Boards are made with two outer layers and a single metal layer in between with a lamination holding it all together. Or in less expensive boards the pcb will be moulded around a small piece of metal taking up minimal internal space. Various etches holes dimples and removed valleys control electrical use. Along with the control components . Most boards have a single layer and the most common metals are copper and nickel. Motherboards and video cards are usually three. And here is where sandwich comes in. Server equipment, high grade video cards, cell phones: and the like. Often use 4 or more layers of, normally, gold layers. Much of this falling into telco class or better despite the large size and reduced component occupation. A 7 layer server board has more gold than many CPUs by volume. Micro tablets (phablets) like the galaxy note series, the Mono Space, the Galaxy mega, all go as cell class due to the gold content plus population. As do TI-8x TI-9x and N-series calculators. For their 4 layers of platinum and layer of gold. N64 and Jaguar cartridges go as telco for their 5 gold layers and gold edge connector. Many Atari 7200 carts get telco for the nickel edge connector 3 silver layers and soldered gold pin rom . This should all help in understanding the class benders. When you've got a sandwich board with copper layers it's still in its basic class. If it's grey/silver in colour there's a chance for an upgrade depending on the layers material and if it's a gold sandwich we're going up!
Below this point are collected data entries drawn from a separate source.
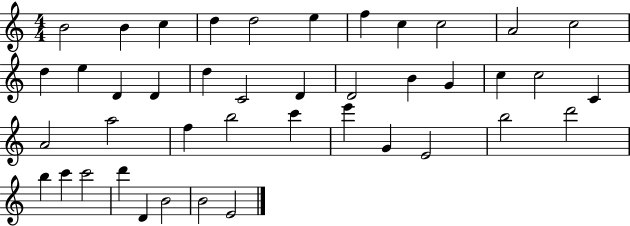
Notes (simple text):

B4/h B4/q C5/q D5/q D5/h E5/q F5/q C5/q C5/h A4/h C5/h D5/q E5/q D4/q D4/q D5/q C4/h D4/q D4/h B4/q G4/q C5/q C5/h C4/q A4/h A5/h F5/q B5/h C6/q E6/q G4/q E4/h B5/h D6/h B5/q C6/q C6/h D6/q D4/q B4/h B4/h E4/h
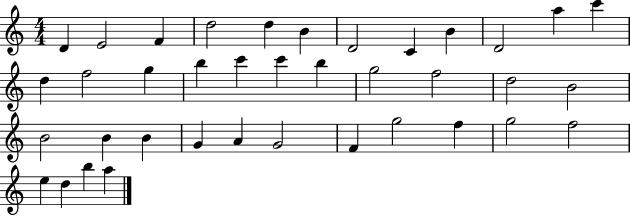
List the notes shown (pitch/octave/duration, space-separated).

D4/q E4/h F4/q D5/h D5/q B4/q D4/h C4/q B4/q D4/h A5/q C6/q D5/q F5/h G5/q B5/q C6/q C6/q B5/q G5/h F5/h D5/h B4/h B4/h B4/q B4/q G4/q A4/q G4/h F4/q G5/h F5/q G5/h F5/h E5/q D5/q B5/q A5/q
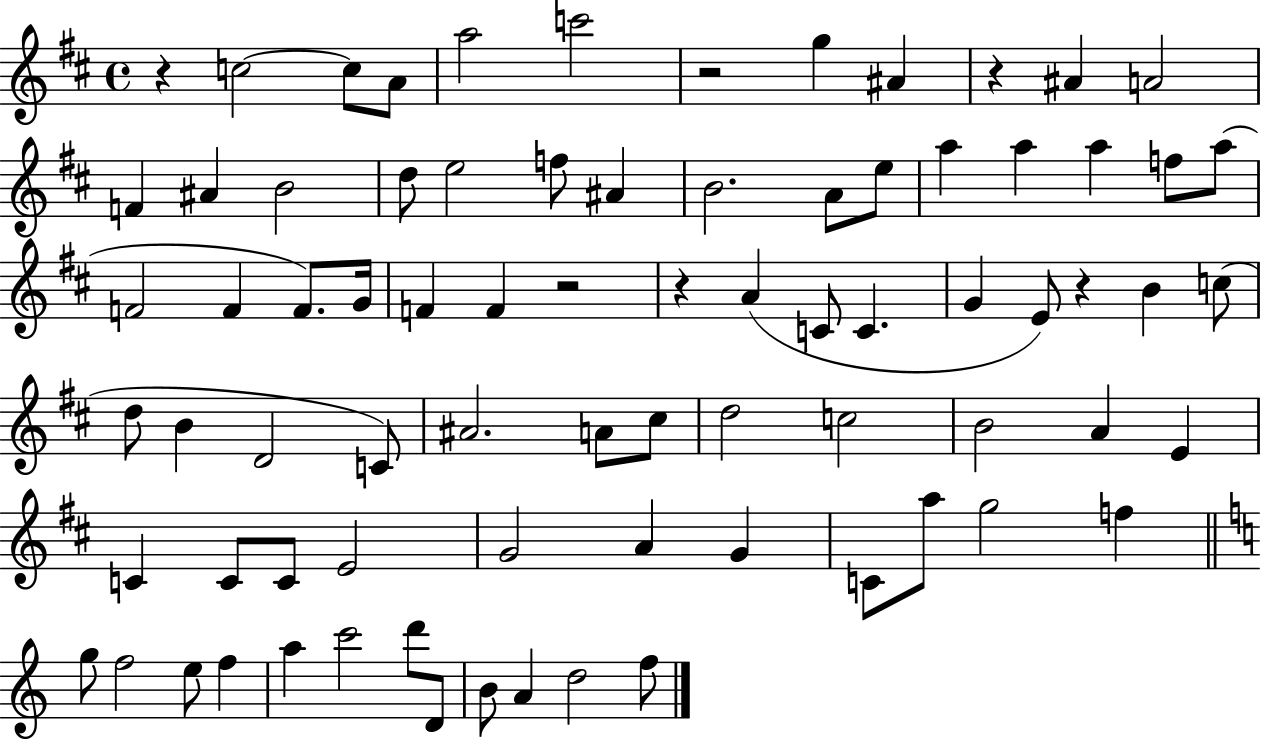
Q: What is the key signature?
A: D major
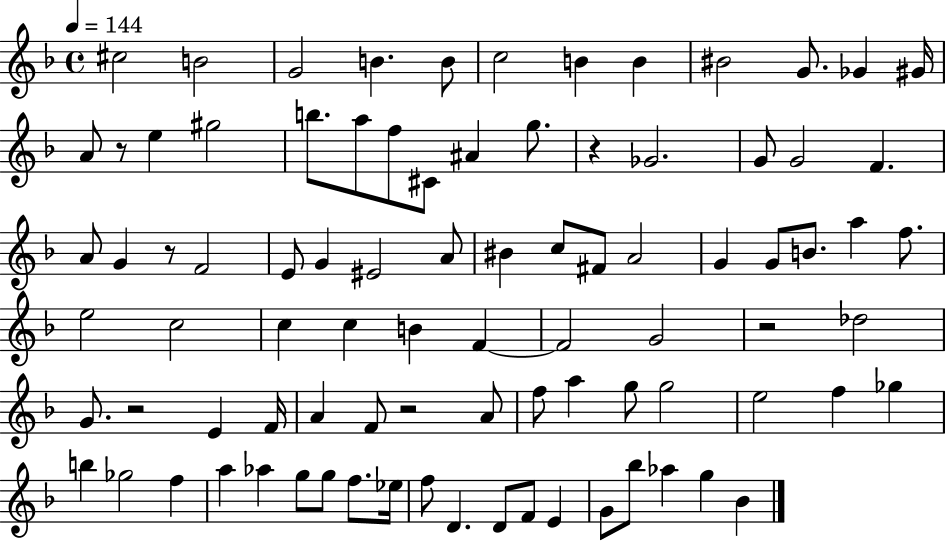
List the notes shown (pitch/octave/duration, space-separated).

C#5/h B4/h G4/h B4/q. B4/e C5/h B4/q B4/q BIS4/h G4/e. Gb4/q G#4/s A4/e R/e E5/q G#5/h B5/e. A5/e F5/e C#4/e A#4/q G5/e. R/q Gb4/h. G4/e G4/h F4/q. A4/e G4/q R/e F4/h E4/e G4/q EIS4/h A4/e BIS4/q C5/e F#4/e A4/h G4/q G4/e B4/e. A5/q F5/e. E5/h C5/h C5/q C5/q B4/q F4/q F4/h G4/h R/h Db5/h G4/e. R/h E4/q F4/s A4/q F4/e R/h A4/e F5/e A5/q G5/e G5/h E5/h F5/q Gb5/q B5/q Gb5/h F5/q A5/q Ab5/q G5/e G5/e F5/e. Eb5/s F5/e D4/q. D4/e F4/e E4/q G4/e Bb5/e Ab5/q G5/q Bb4/q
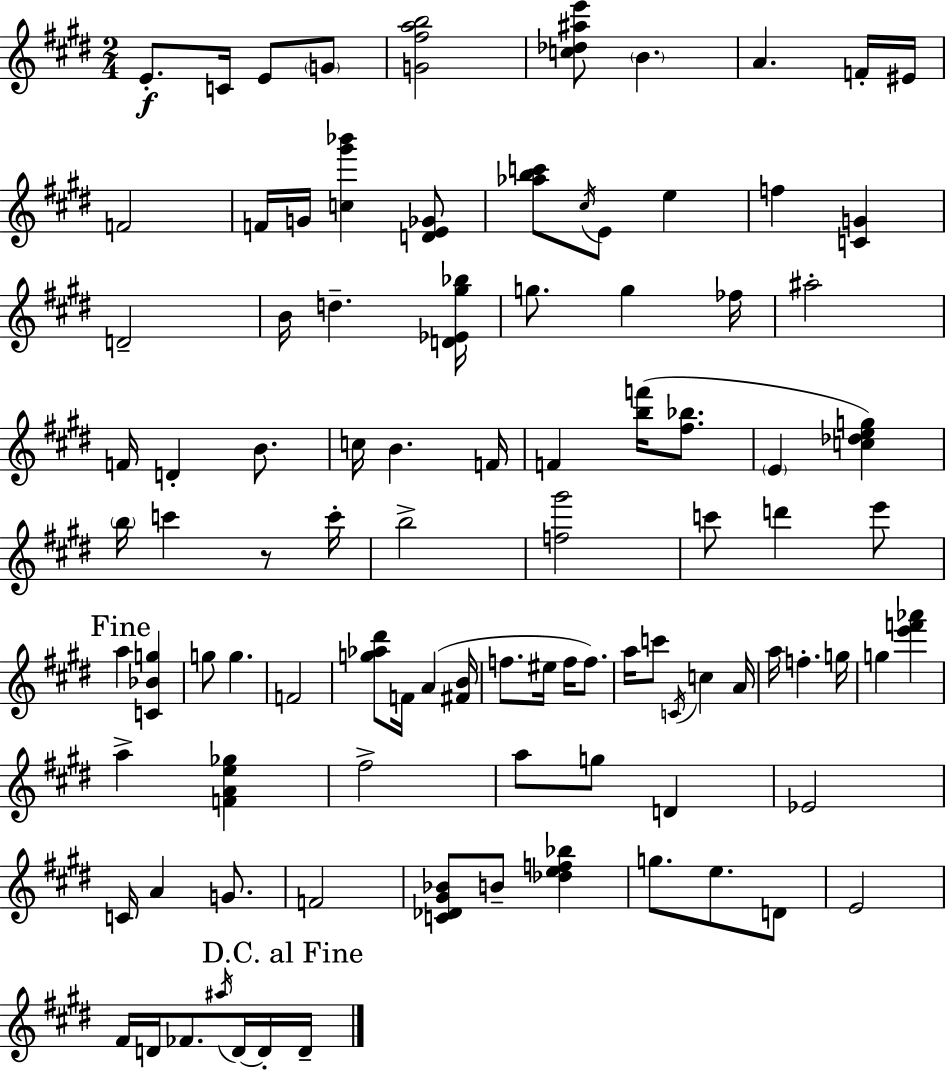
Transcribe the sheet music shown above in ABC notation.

X:1
T:Untitled
M:2/4
L:1/4
K:E
E/2 C/4 E/2 G/2 [G^fab]2 [c_d^ae']/2 B A F/4 ^E/4 F2 F/4 G/4 [c^g'_b'] [DE_G]/2 [_abc']/2 ^c/4 E/2 e f [CG] D2 B/4 d [D_E^g_b]/4 g/2 g _f/4 ^a2 F/4 D B/2 c/4 B F/4 F [bf']/4 [^f_b]/2 E [c_deg] b/4 c' z/2 c'/4 b2 [f^g']2 c'/2 d' e'/2 a [C_Bg] g/2 g F2 [g_a^d']/2 F/4 A [^FB]/4 f/2 ^e/4 f/4 f/2 a/4 c'/2 C/4 c A/4 a/4 f g/4 g [e'f'_a'] a [FAe_g] ^f2 a/2 g/2 D _E2 C/4 A G/2 F2 [C_D^G_B]/2 B/2 [_def_b] g/2 e/2 D/2 E2 ^F/4 D/4 _F/2 ^a/4 D/4 D/4 D/4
Copper and nickel are universal. Gold is used where fault tolerance is not practical and it must work at all times. Where fault levelling is not possible or practical. Silver matchs gold's application for less money, slightly sacrificing quality. Palladium is used in very small boards due to its small atomic spacing in finished form. (Don't ask that's chemistry and out of my league). Rhodium is used where environmental tarnishing is an issue for palladium.
Any questions on what materials go where I can try to help. But when you get into the why's I'm not as well versed in chemistry. So I'll do my best to google it properly for you.